Miraculously, not all of MSM is snowed by bogus kiddie porn figures

Recently, I documented my futile quest to track down the origin and veracity of a widespread claim that child pornography is a $20 billion a year business.

Today, The Wall Street Journal's Numbers Guy joins the hunt. "It turns out it can be easier to enter a big number into the Congressional record, and national press coverage, than to locate its origin," writes Carl Bialik. Like me, Bialik hits a dead-end, but he does get a promise out of the National Center for Missing and Exploited Children: "If it is determined that this ends up not being a reliable statistic, NCMEC will...stop citing a specific number."

Even if there is a correction, of course, don't expect it to be picked up as widely as the original false claim. Still, score one for accuracy in journalism today.

Posted by Daniel Radosh


If we were to use the scale of order of magnitude of error from one of their previous scams...

In order to get their hysterical laws passed, those people were claiming night and day that 700,000 kids disappear in America each year. Of those 700,000, some 3/4 were said to be killed within the first 3 hours.

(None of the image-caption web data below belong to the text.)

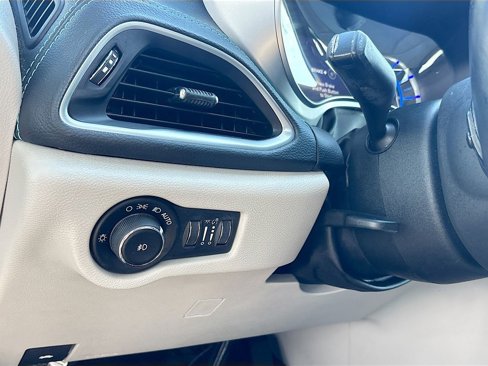 Used 2017 Chrysler Pacifica Platinum image 10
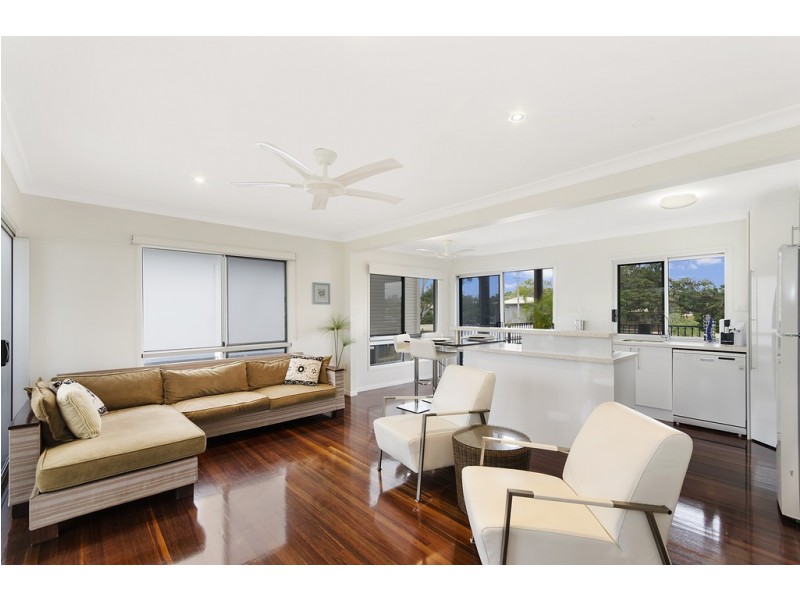 22 Reef Street, Saunders Beach QLD 4818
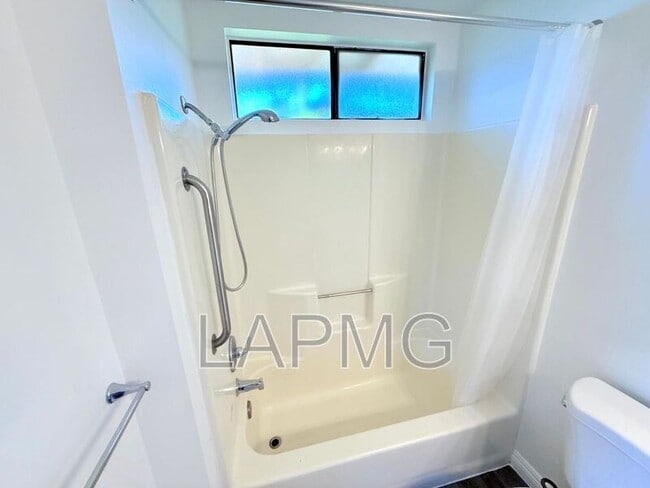 Building Photo - 2506-2508 Norfolk Street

When confronted with that exaggeration, the DoJ finally admitted the number was closer to 100.

So 700,000 divided by 100 is 7,000.

If we use the scale of order of magnitude of error of 7,000, by dividing $20,000,000 by 7,000, we get a figure of less than $3 million dollars.

That figure is probably much closer to reality.

That should read $20,000,000,000 divided by 7,000 is less than $3 million dollars.